Start of Records for this task

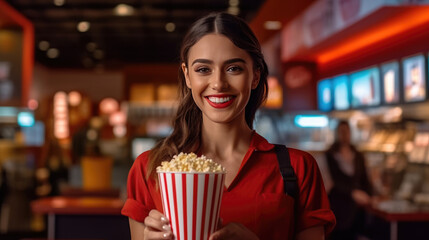 Smiling woman working in cinema cafeteria holding a box of popcorn - obrazy, fototapety, plakaty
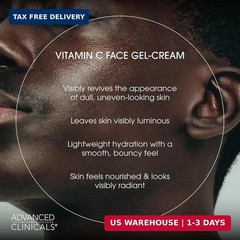 Advanced Clinicals Brightening Vitamin C Face Cream Gel With Niacinamide + Hyalu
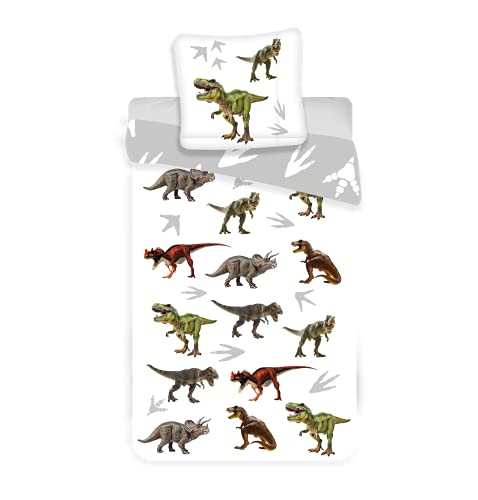 Dinosaurier Bettwäsche, Kinderbettwäsche/Babybettwäsche, Kissenbezug 40x60+Bettbezug 100x135cm, 100% Baumwolle Oeko-TEX… Cover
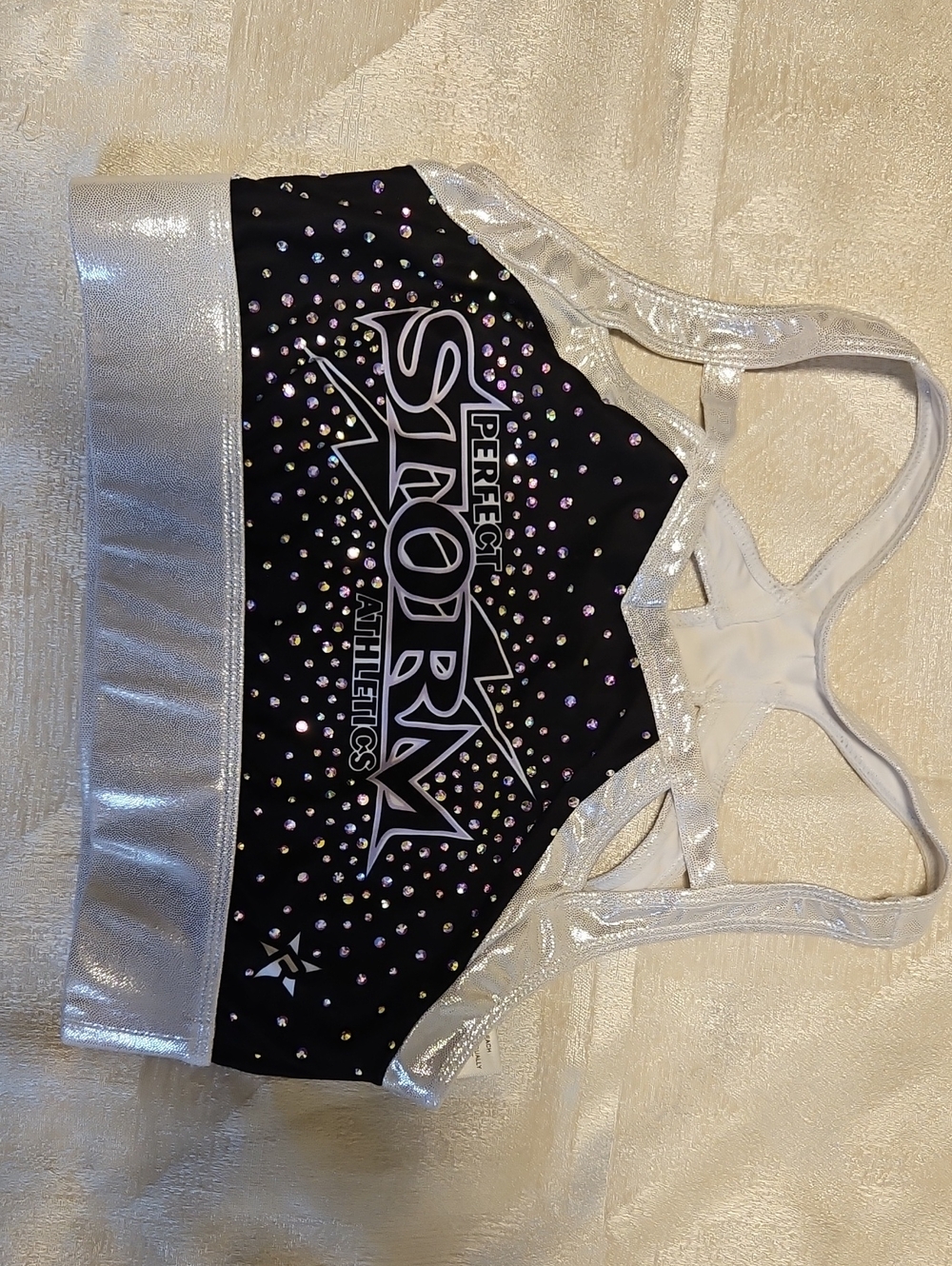Perfect Storm Black Sports Bra with Silver Accents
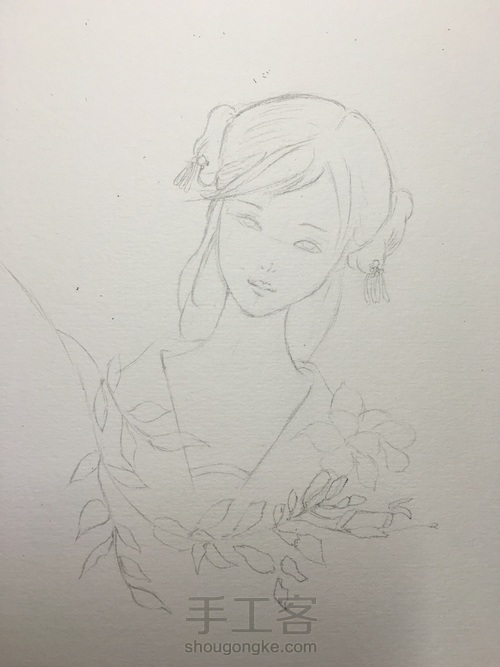 水彩 古风女子 第1步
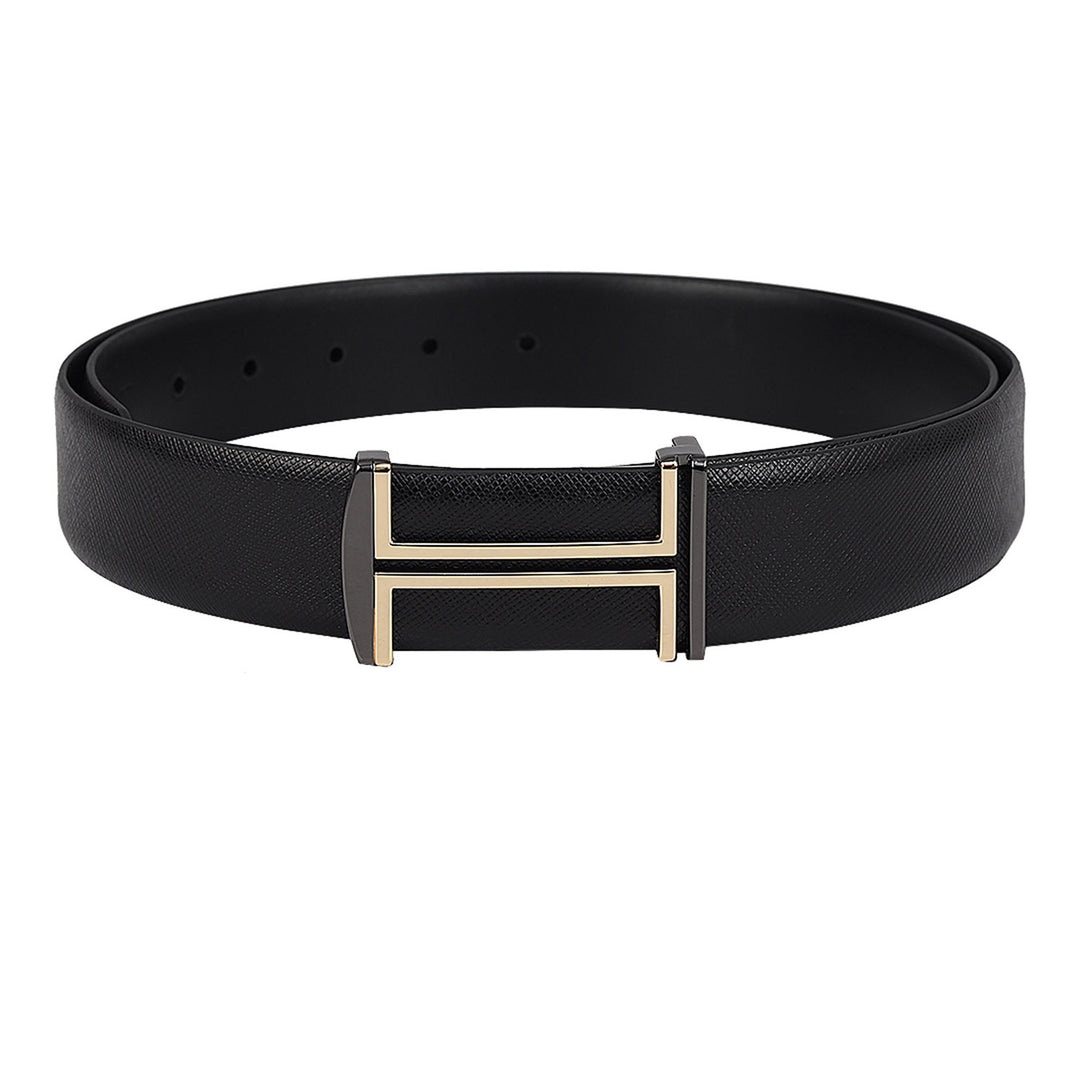 Casual Saffiano Leather Mens Belt - Black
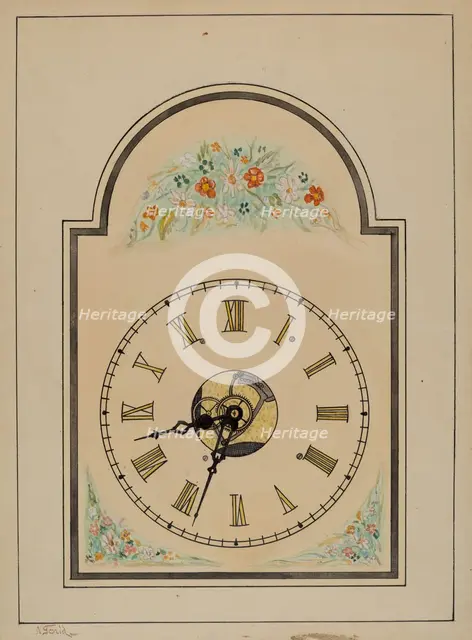Clock, c. 1938. Creator: Nicholas Gorid.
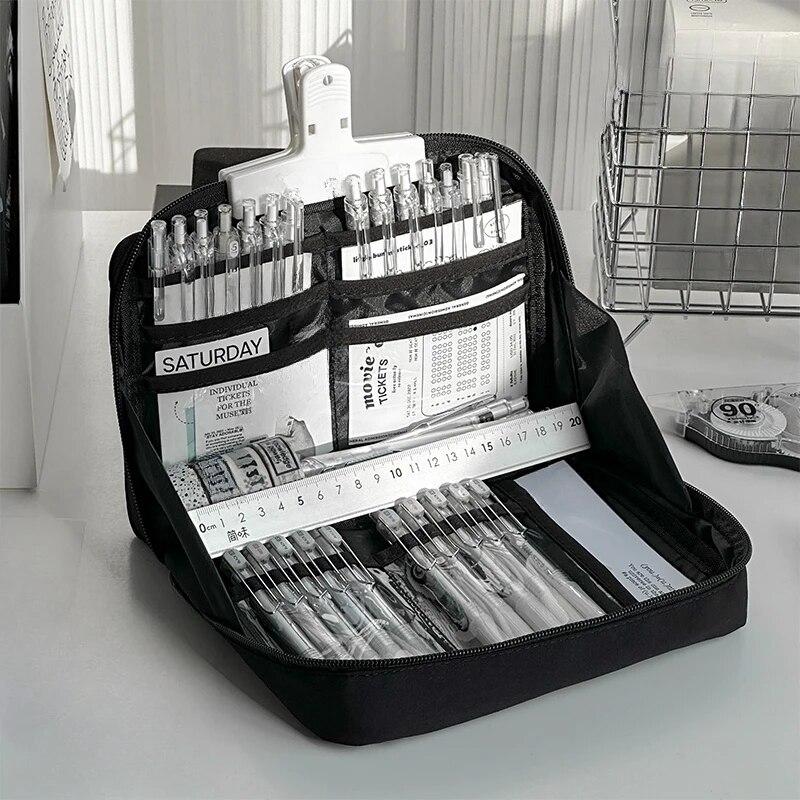 12-слойная грязеотталкивающая сумка-карандаш большой емкости с пандой, эстетическая школьная коробка, чехол для канцелярских принадлежностей, пенал на молнии, школьные принадлежности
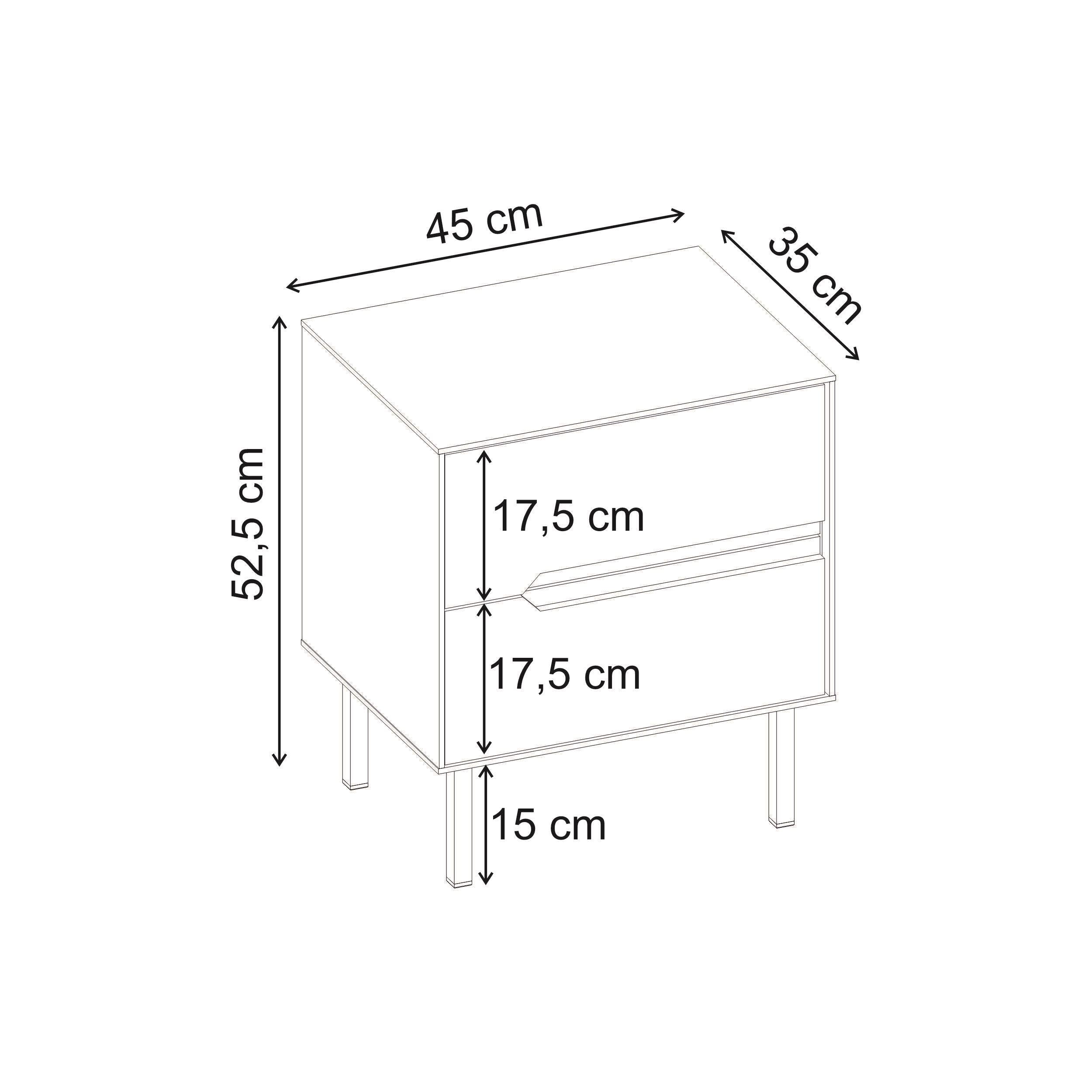 Arch Modern Bedside Table - dimensions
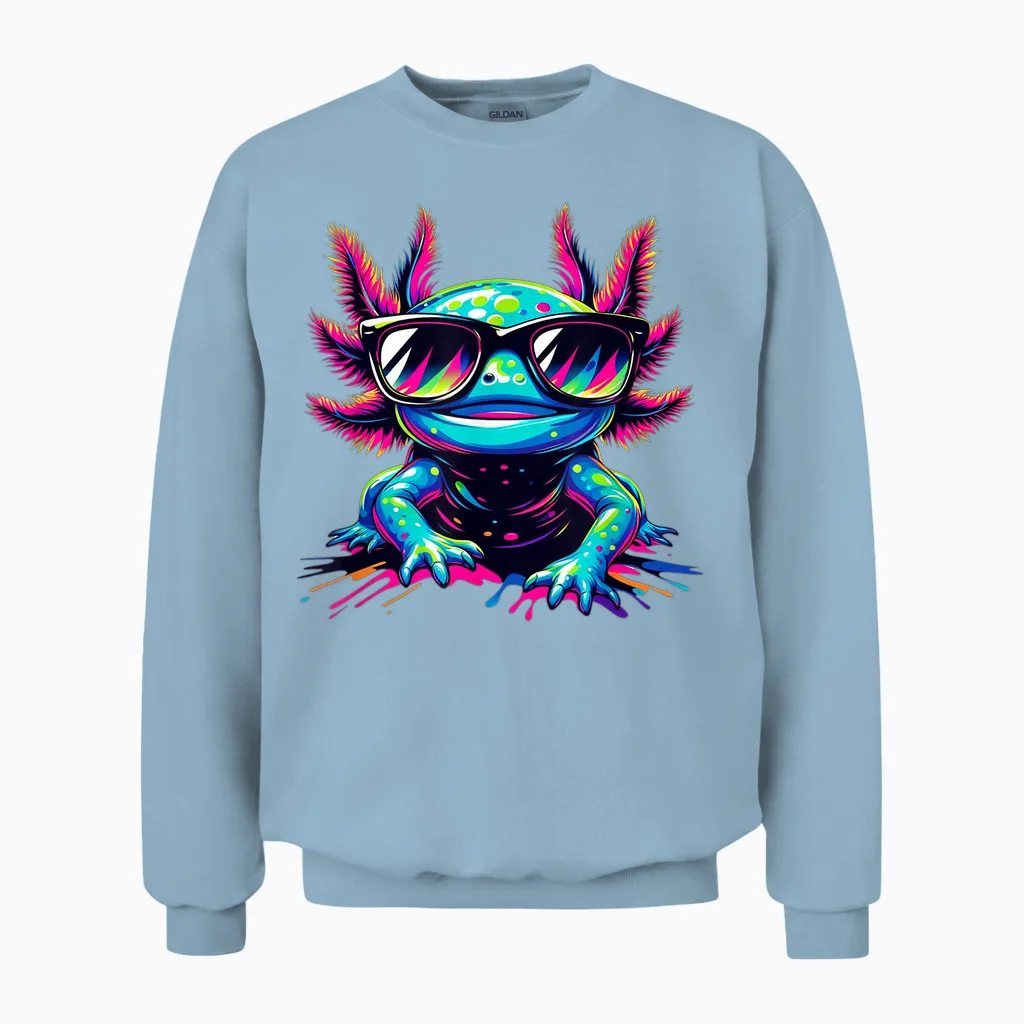 Cooles Axolotl Mit Sonnenbrille Buntes Motiv Axolotl Unisex Sweatshirt in Light Blue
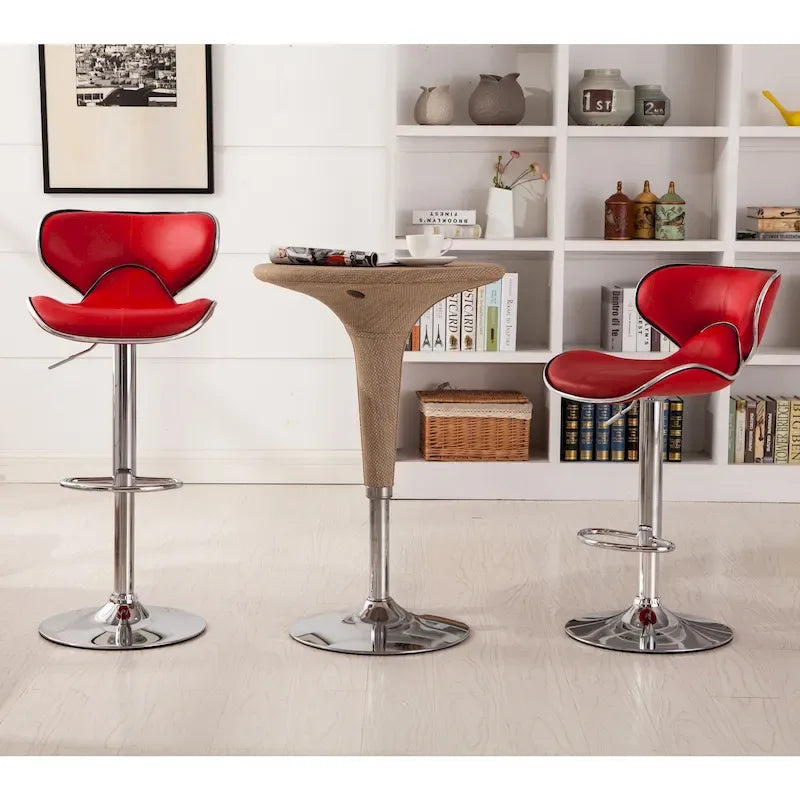 Tabouret de bar pivotant et réglable en similicuir avec vérin à gaz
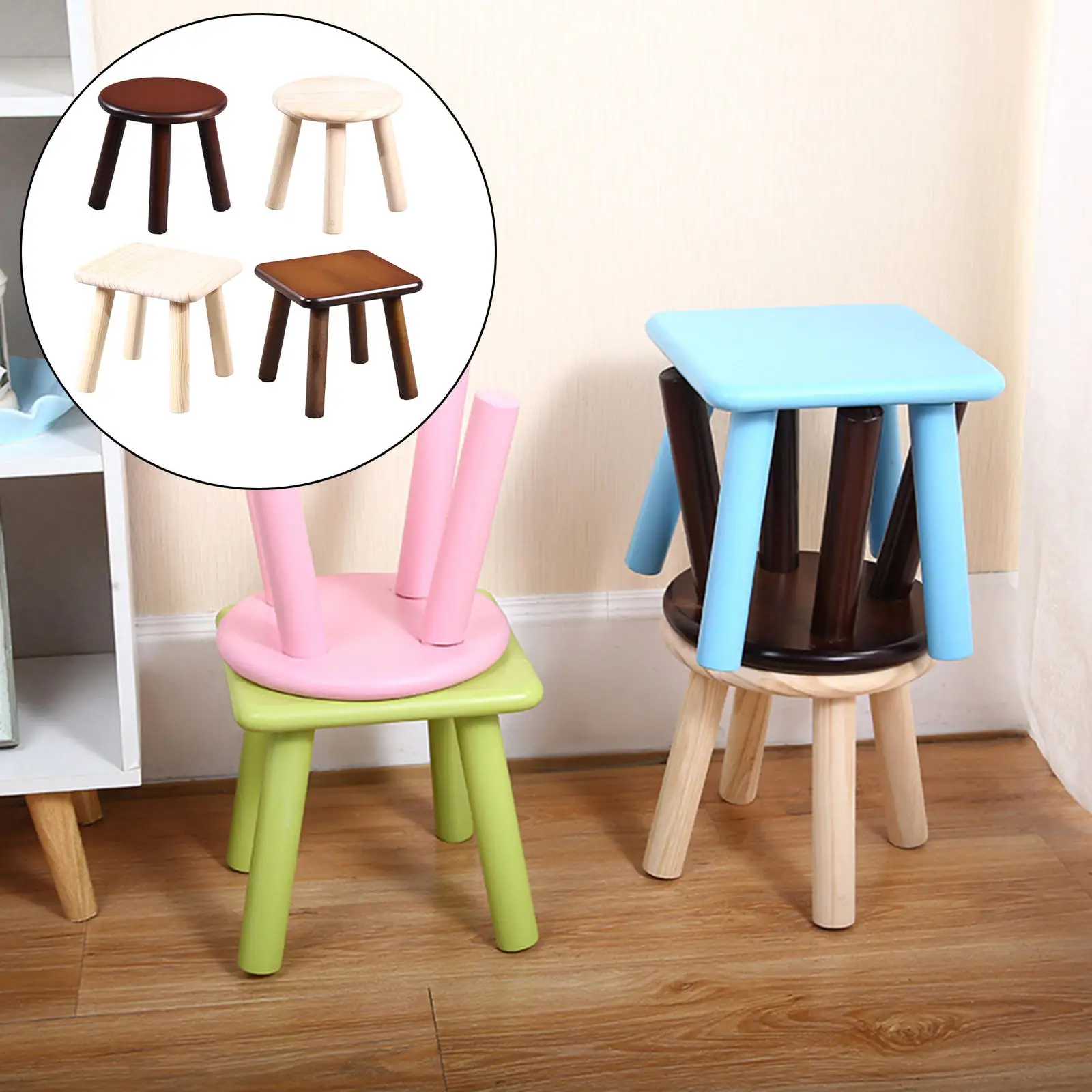Portable Children's Stool Thick Leg Posts Footboard Comfortable Thickened Panel Furniture Low Stool for Playroom Kids Toddlers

End of Records for this task

• **Exercise requirements**
Nothing but the lines from the one holding "Advanced Clinicals Brightening" through the last line of the entries should be written out, exactly and inclusively, minus the pictures.

• **Response to the exercise**
 Advanced Clinicals Brightening Vitamin C Face Cream Gel With Niacinamide + Hyalu
 Dinosaurier Bettwäsche, Kinderbettwäsche/Babybettwäsche, Kissenbezug 40x60+Bettbezug 100x135cm, 100% Baumwolle Oeko-TEX… Cover
Perfect Storm Black Sports Bra with Silver Accents
 水彩 古风女子 第1步
 Casual Saffiano Leather Mens Belt - Black
Clock, c. 1938. Creator: Nicholas Gorid.
 12-слойная грязеотталкивающая сумка-карандаш большой емкости с пандой, эстетическая школьная коробка, чехол для канцелярских принадлежностей, пенал на молнии, школьные принадлежности
 Arch Modern Bedside Table - dimensions
 Cooles Axolotl Mit Sonnenbrille Buntes Motiv Axolotl Unisex Sweatshirt in Light Blue
 Tabouret de bar pivotant et réglable en similicuir avec vérin à gaz
Portable Children's Stool Thick Leg Posts Footboard Comfortable Thickened Panel Furniture Low Stool for Playroom Kids Toddlers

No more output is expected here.